**TASK DATA**
◆ ◆ ◆ ◆ ◆ ◆ ◆

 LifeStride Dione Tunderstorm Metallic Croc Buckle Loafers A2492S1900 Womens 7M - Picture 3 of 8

◆ ◆ ◆ ◆ ◆ ◆ ◆

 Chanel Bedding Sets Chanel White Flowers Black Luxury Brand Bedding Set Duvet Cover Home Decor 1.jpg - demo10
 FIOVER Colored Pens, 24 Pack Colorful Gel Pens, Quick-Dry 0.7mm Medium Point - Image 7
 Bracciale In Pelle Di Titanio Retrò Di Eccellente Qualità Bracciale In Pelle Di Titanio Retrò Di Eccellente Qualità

◆ ◆ ◆ ◆ ◆ ◆ ◆

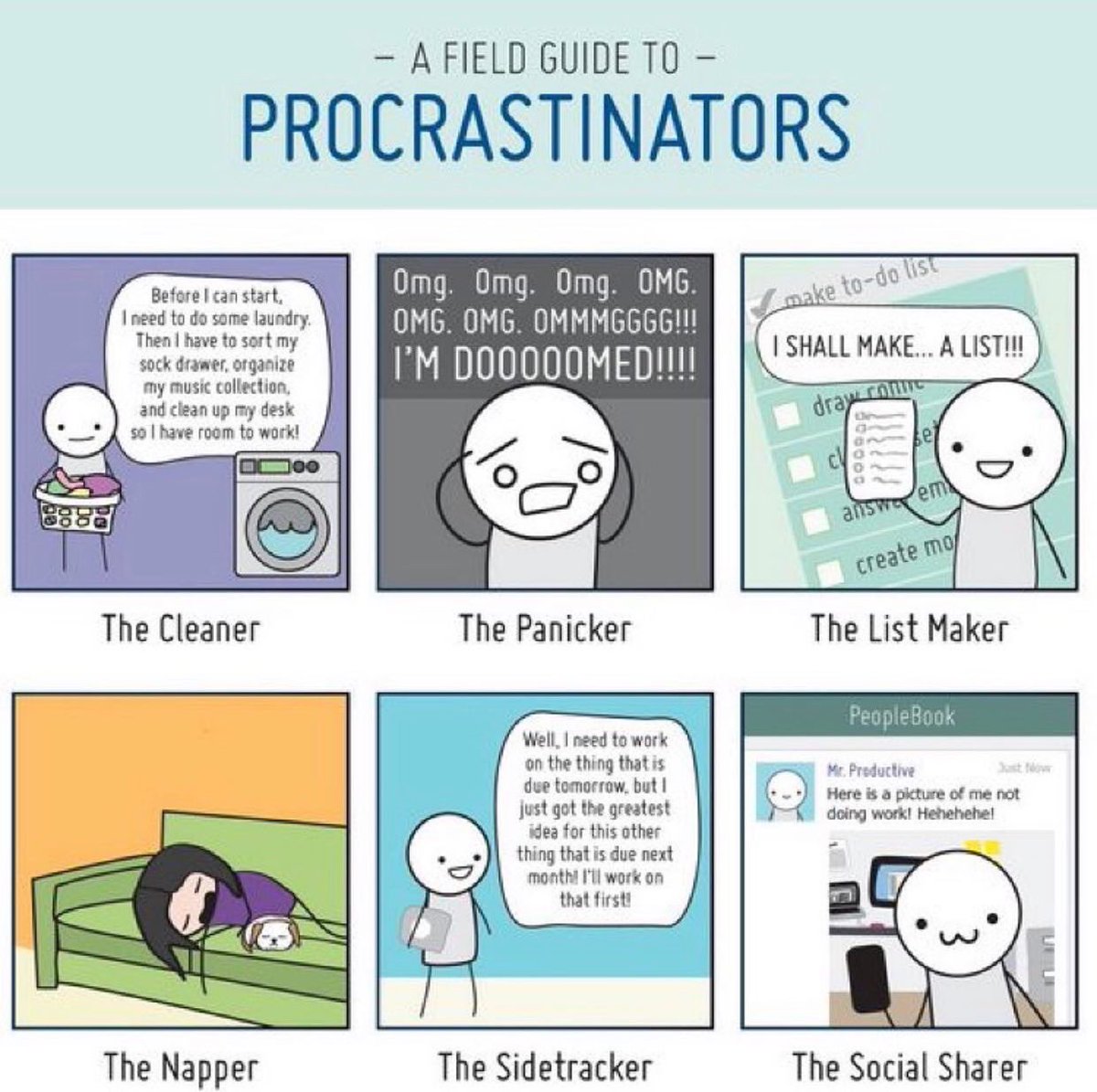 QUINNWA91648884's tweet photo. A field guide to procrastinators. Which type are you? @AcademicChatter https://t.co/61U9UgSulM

◆ ◆ ◆ ◆ ◆ ◆ ◆

**YOUR INSTRUCTIONS**
Look above for the line with "FIOVER Colored Pens, 24" and the line with "Eccellente Qualità Bracciale". Retype those two lines and every line between them exactly, adding nothing.

**RESPONSE**
 FIOVER Colored Pens, 24 Pack Colorful Gel Pens, Quick-Dry 0.7mm Medium Point - Image 7
 Bracciale In Pelle Di Titanio Retrò Di Eccellente Qualità Bracciale In Pelle Di Titanio Retrò Di Eccellente Qualità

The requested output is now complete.